Of course instead of having package-authors having to manually add such fields it could even be the case that npmjs.com displays whether or not a given package is also web-compatible, which would be really really nice when manually finding a package for some purpose.

Obviously Node.js could just do nothing, allow extensionless module specifiers and leave it up to developers to ensure their packages are web-compatible, but I think it'd be nice for Node.js to at least encourage package authors to write full specifiers if they intend their package to used on the web.

ljharb commented 7 years ago

How could a package author provide a full specifier, given that a full specifier is a very app-specific URL?

You always need a build tool - and any module bundler and transpiler combo would be able to handle extensions for you, and deliver the desired format to your supported browsers.

Jamesernator commented 7 years ago

I didn't mean full as in absolute, just as in including extension. A package consumer will always be able to do something like: import lodash from "./node_modules/lodash-es/index.js" (not that lodash using .js will be supported in Node.js anyway) so it's not a concern of package authors, just of consumers.

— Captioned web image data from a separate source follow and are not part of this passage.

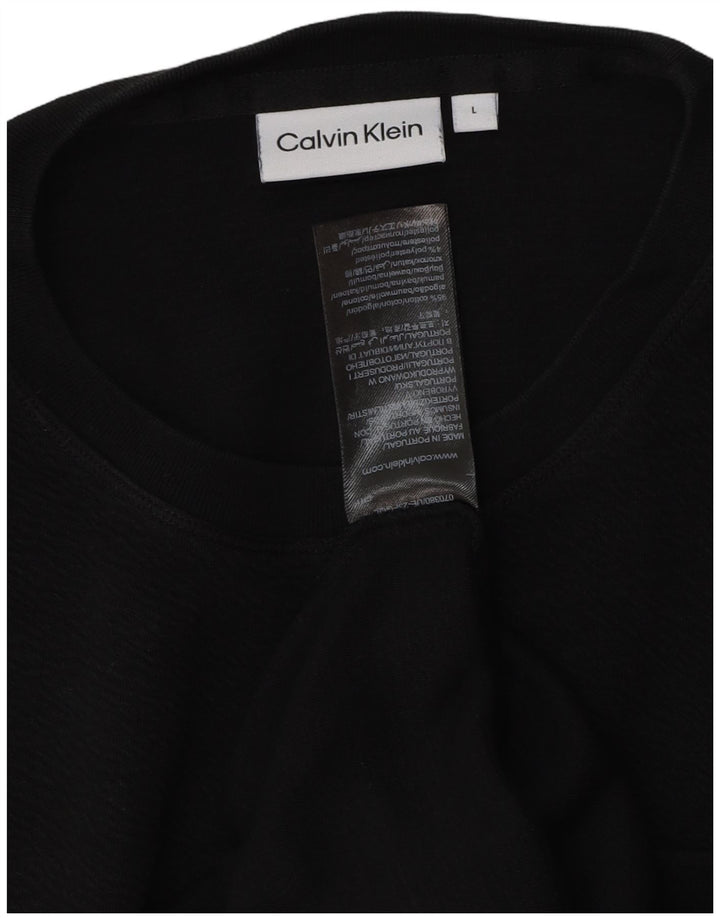 Calvin Klein muška majica kratkih rukava Veliki crni pamuk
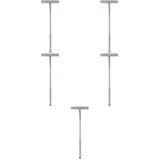 5-Pack Retractable Stainless Steel Handheld Sign Holders with Poles for Warning and Safety Signs V1366-AZ2-W-13137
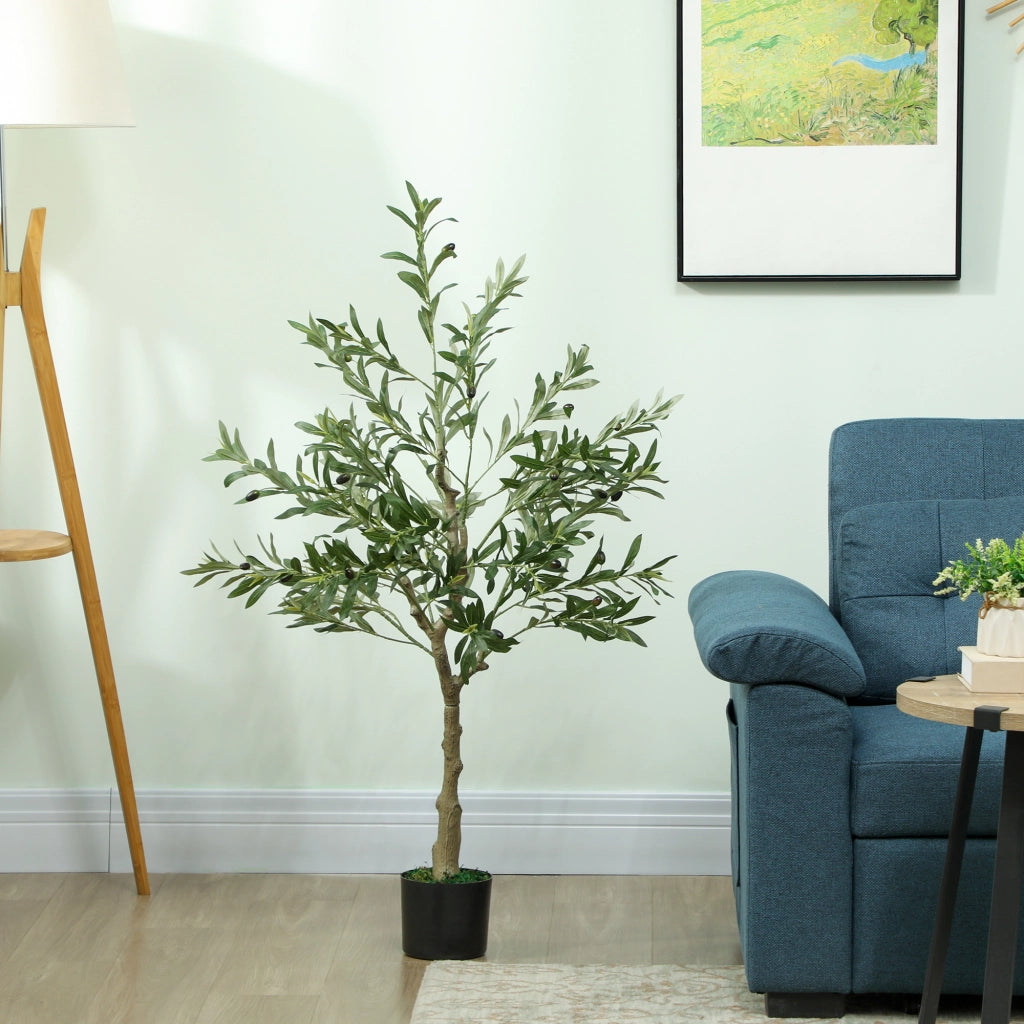 Albero di Olivo Artificiale ¨C Minimal ¨C Verde 120 cm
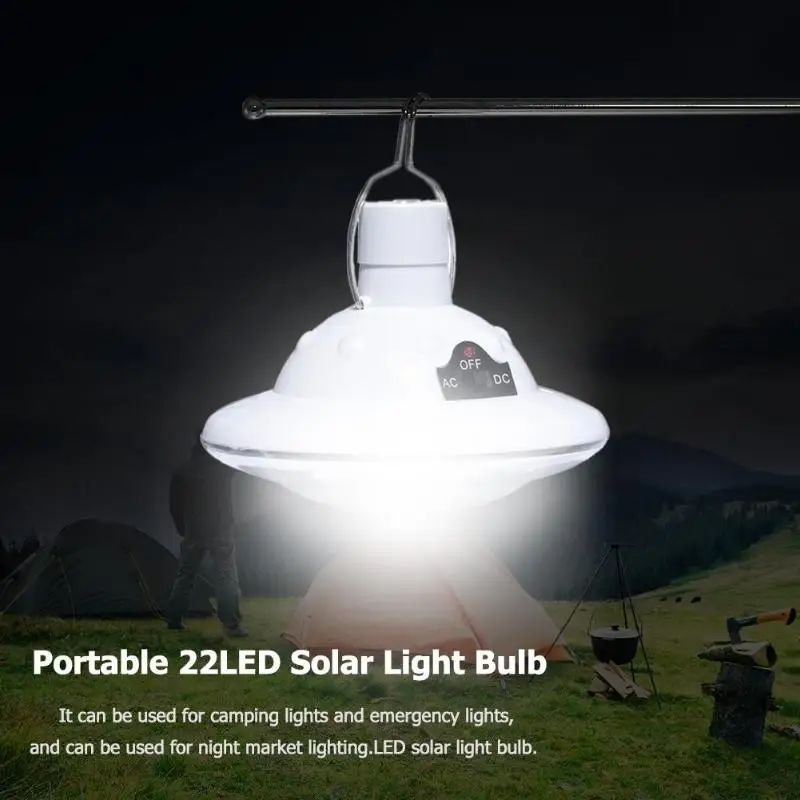 Outdoor Hiking Camping Yard Solar Light 22LED Remote Control Hanging Tent Lamp Energy Saving And Environmental Protection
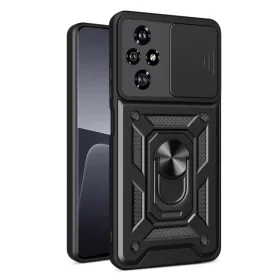 Honor 200 Pro Fekete Techsuit CamShield Sorozat tok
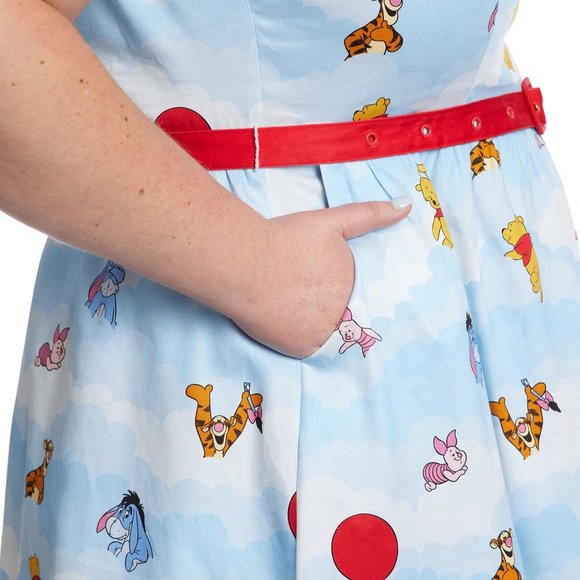 Stitch Shoppe Winnie the Pooh Laci Dress Size M by Loungefly - Picture 3 of 16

And I definitely don't think I should require a build tool, like if I just want to make a small application with a couple libraries, I should not have to have a build tool. And what about CDNs, do I need a build tool service worker to compile every random unspecified format that isn't just plain browser modules.

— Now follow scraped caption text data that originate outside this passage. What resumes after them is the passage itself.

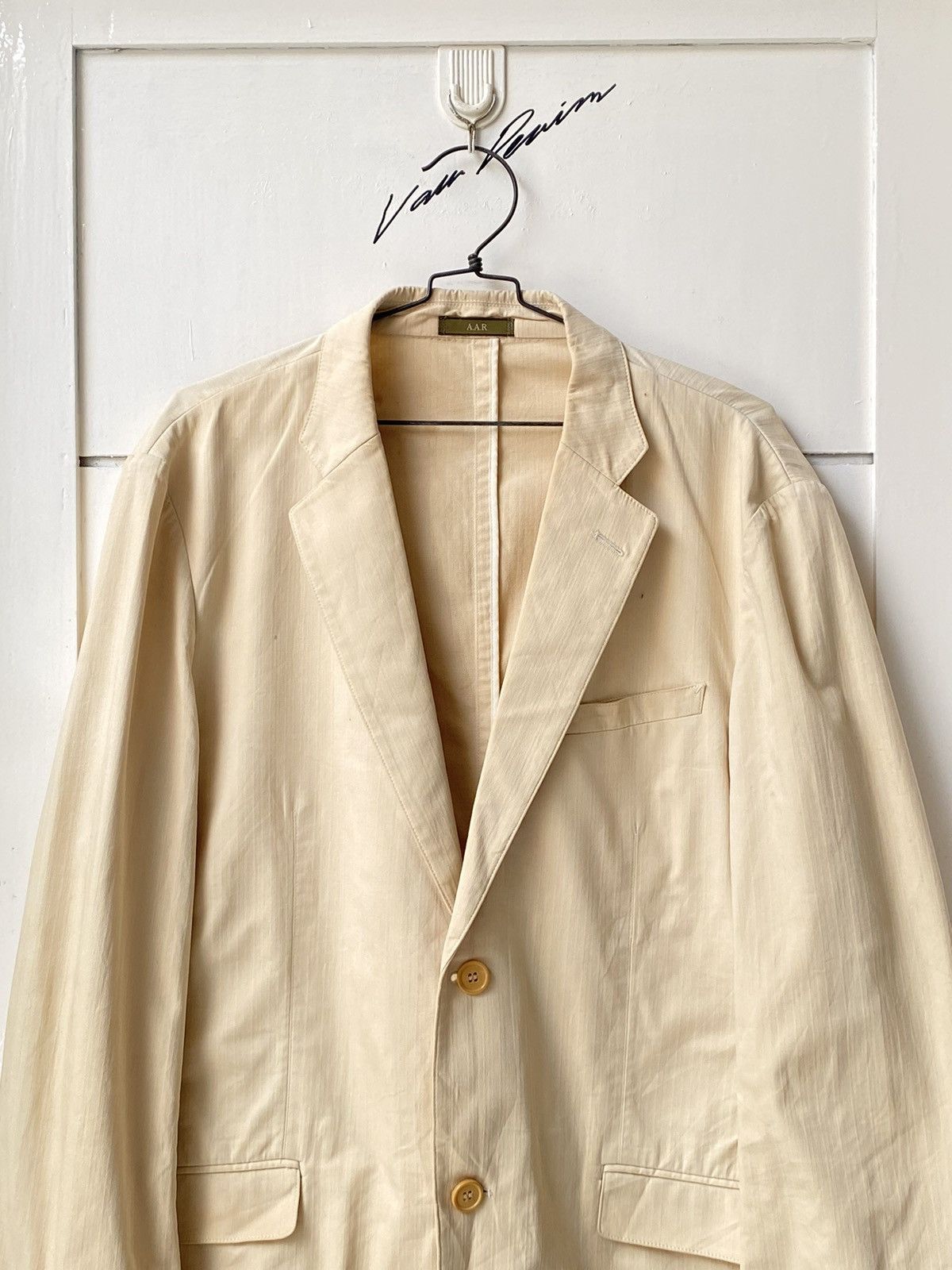 Yohji Yamamoto A.A.R Yohji Design Studio Suit Blazers Size 54L - 11 Thumbnail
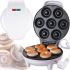 Электрическая машинка для пончиков Donut Maker XL-615 750W 7 штук аппарат для приготовления и выпекания донатов дома с антипригарным покрытием GP555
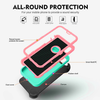 iPhone X/XS Case (Belt Clip fit Otterbox Defender) Heavy Duty Rugged Multi Layer Hybrid Protective Shockproof Cover with Belt Clip [Compatible for Apple iphone X/XS] 5.8 inch (AQUA MINT & PINK)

Frankly I think if modules are going to require build tools just to use them then I suspect module adoption will be slowed. I certainly would be much less likely to use a module that required a build tool to simply use than one that just worked out of the box in both Node.js and the browser.

Also note I'm not suggesting that libraries shouldn't have a build tool to generate those files, but I think it would be best for consumers if it were the standard that library files that were going to be consumed contain the extensions. Now whether or not Node.js needs to play a role in that or if it'll happen on its own I don't really know.

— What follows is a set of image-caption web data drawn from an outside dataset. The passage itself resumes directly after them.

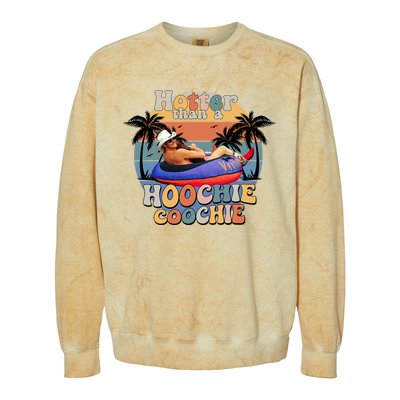 Hotter Than A Hoochie Coochie Funny Retro Country Music Colorblast Crewneck Sweatshirt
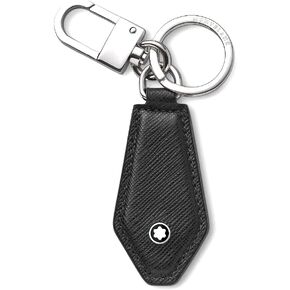 Montblanc MB Sartorial Key Fob Diamond BK Keyring, Adults Unisex, Black (Black), One Size
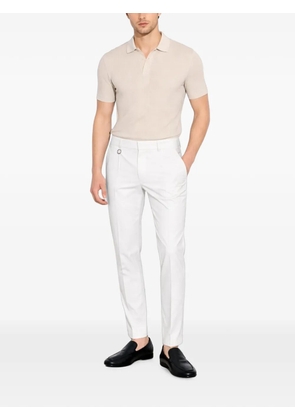 Paolo Pecora ring-detail tailored trousers - White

Omitting extensions really reminds me a lot of depending on require.extensions to load modules:

// someFile.js
const coffee = require('coffee-script')

require.extensions['coffee'] = function(code) {
    return coffee.compile(code)
}

module.exports = require('./mainFile.coffee')

Which frankly is not the sort've thing I want to be forced onto consumers of modules.

ljharb commented 6 years ago

If it's not an absolute or relative URL, you'll always require a build tool since that's the only thing browsers understand - adding an extension or not is irrelevant.

Modern web dev requires build tools; including most of npm - it hasn't slowed adoption.

require.extensions.mjs is going to exist anyways in node; that's how you'll be able to require an .mjs module - and every module tool in the ecosystem will have to add that support regardless, so it'll appear for free on any module consumers who are already using a module tool (which is basically all of them).